His heart racing and sweat beading off his white face-paint, Frank spilled out into the Wal-Mart parking lot, blinking in the harsh Topeka sunlight. Head pounding.

This isn’t the plan.

From behind him, Bruce’s voice, muffled by the cavernous Mayor McCheese mask but audibly sharp with fear: “Frank!”

Frank took a slow deep breath and scanned for cops. None.

“Frank! Where are you going? Don’t leave us!”

A shotgun and the chimes of breaking glass. This definitely isn’t the plan.

Another voice, Max’s: “Jesus FUCK, Carl! Stop! Please! Let’s talk this out.”

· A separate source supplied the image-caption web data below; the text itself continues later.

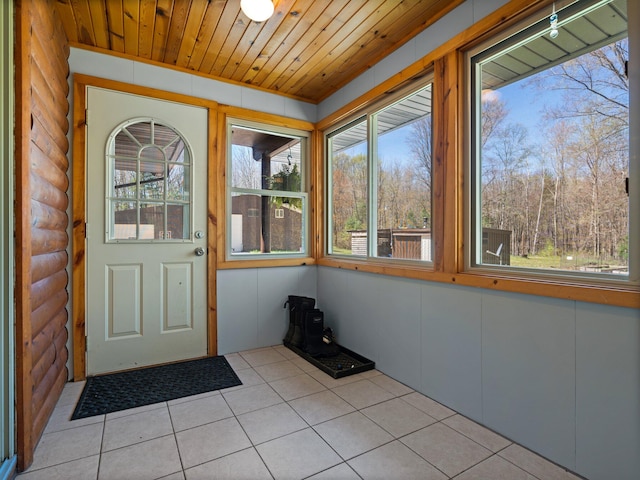 unfurnished sunroom with wood ceiling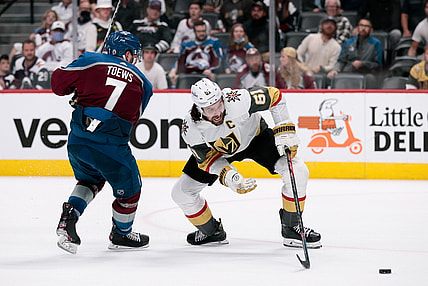 Jun 8, 2021; Denver, Colorado, USA; Vegas Golden Knights right wing Mark Stone (61) makes a play past Colorado Avalanche defenseman Devon Toews (7) in the third period in game five of the second round of the 2021 Stanley Cup Playoffs at Ball Arena. Mandatory Credit: Isaiah J. Downing-USA TODAY Sports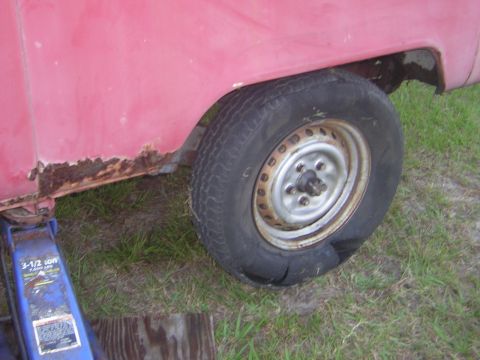 1971 Volkswagen Vanagon - A flat tire and significant rust are visible on the rear wheel well of a red van.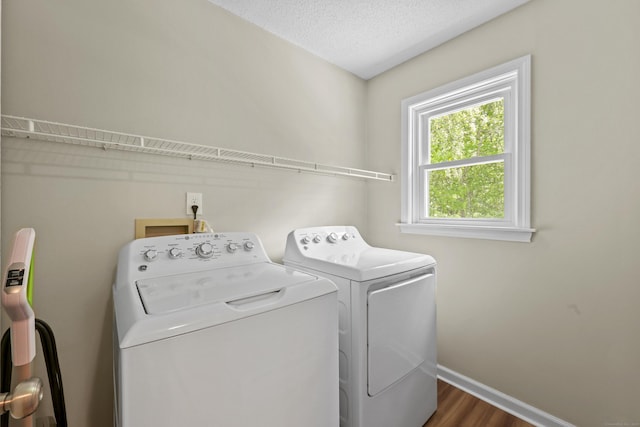 5 Nutmeg Ln, East Hampton, CT 06424 - laundry room featuring independent washer and dryer, baseboards, wood finished floors, and a textured ceiling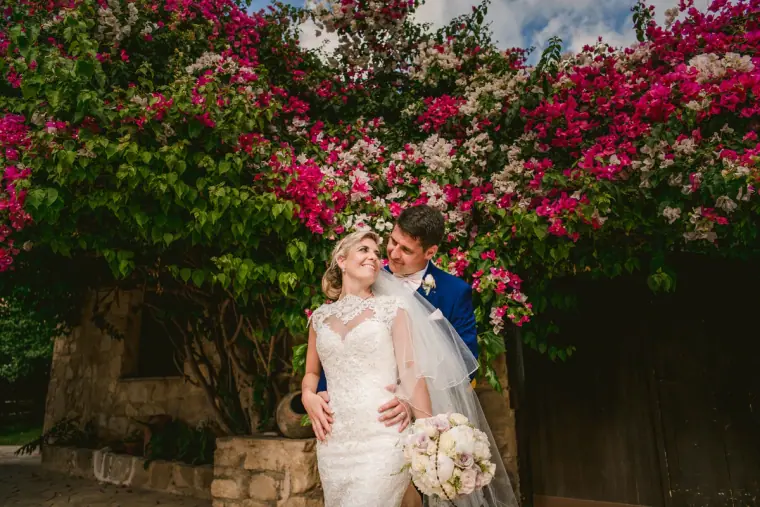 Bride and groom smiling beneath a wall of pink bougainvillea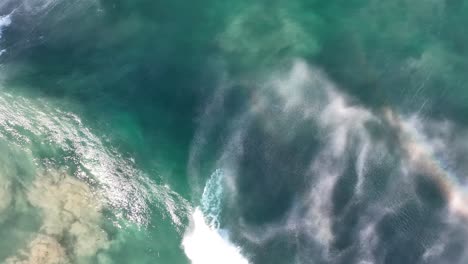 Drohnenaufnahme-Einer-Vorbeiziehenden-Welle-Von-Oben,-Die-Einen-Regenbogen-In-Der-Gischt-Hinterlässt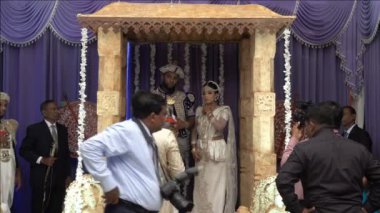 Wadduwa, Sri Lanka - 11 Mayıs 2018: Sri Lanka'da güzel bir düğün töreni. Geleneksel kostümlü yeni evliler kemerin altında duruyorlar. Gelin ve damat ile düğün yeri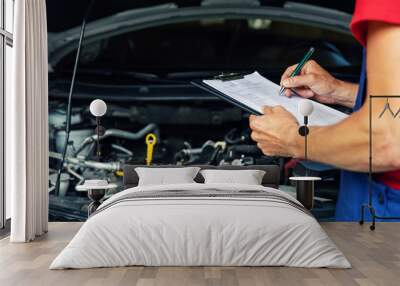 car maintenance and repair - mechanic writing checklist paper on clipboard Wall mural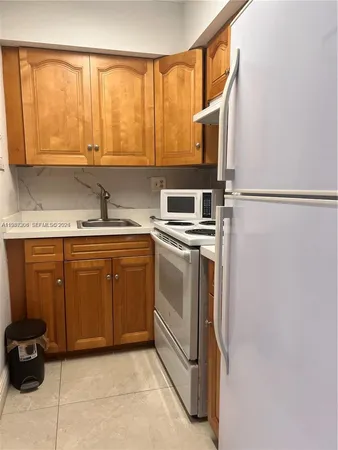 a kitchen with a stove a sink and a refrigerator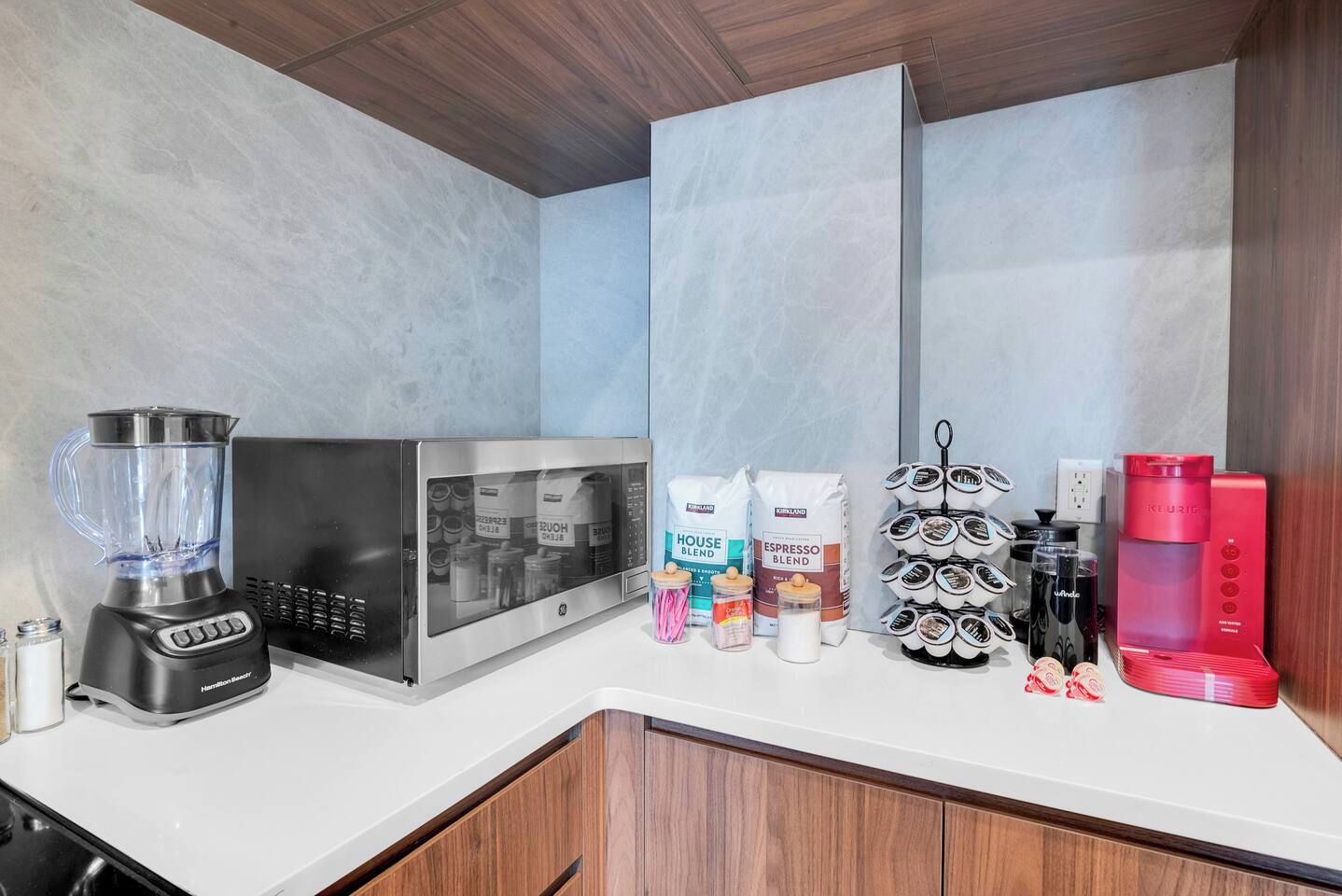 A kitchen with a blender, microwave, coffee maker, and coffee pods.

To Frank’s left, the getaway motorcycles: beautiful red-and-chrome Sharks. He willed himself to leave, to run to one of the Beasts, throw the money in Her sidecar, and tear off into the anonymous embrace of the Crazy Days parade. Blend in with the freaks and float away with the rest of the garbage.

“Frank!”

But that’s not the plan.

“Hey! Ronald Fucking McDonald!”

The plan – which seemed so foolproof just 24 hours ago – had in retrospect all the hallmarks of a fiasco. Dress in matching costumes and rob a Wal-Mart: Romantic. Bad-ass. How could we possibly screw that one up?

Let the record show, that’s what a Bad Plan looks like, and if one had to pinpoint the exact moment it graduated from Bad Plan to Dangerous Lunacy, one might point to Bruce’s insistence on unloaded guns. You know, for safety.

Still, it might have worked. Alone, maybe each of them could have pulled this off, but together, no. Doomed. Too much weird alchemy. Too many variables. The whole became less than the sum of its parts, and just because a plan is crazy doesn’t mean it just might work. To be fair, it just might have. But the Hamburglar got greedy, Mayor McCheese lost his nerve, and a drunk old man found a gun and a sense of purpose. Now Grimace was going to bleed to death if someone didn’t get him to a hospital. So now, a choice: Ronald McDonald could either try to save his friends and get killed, or abandon them altogether and see how far he could get before the spineless pricks gave him up to the police.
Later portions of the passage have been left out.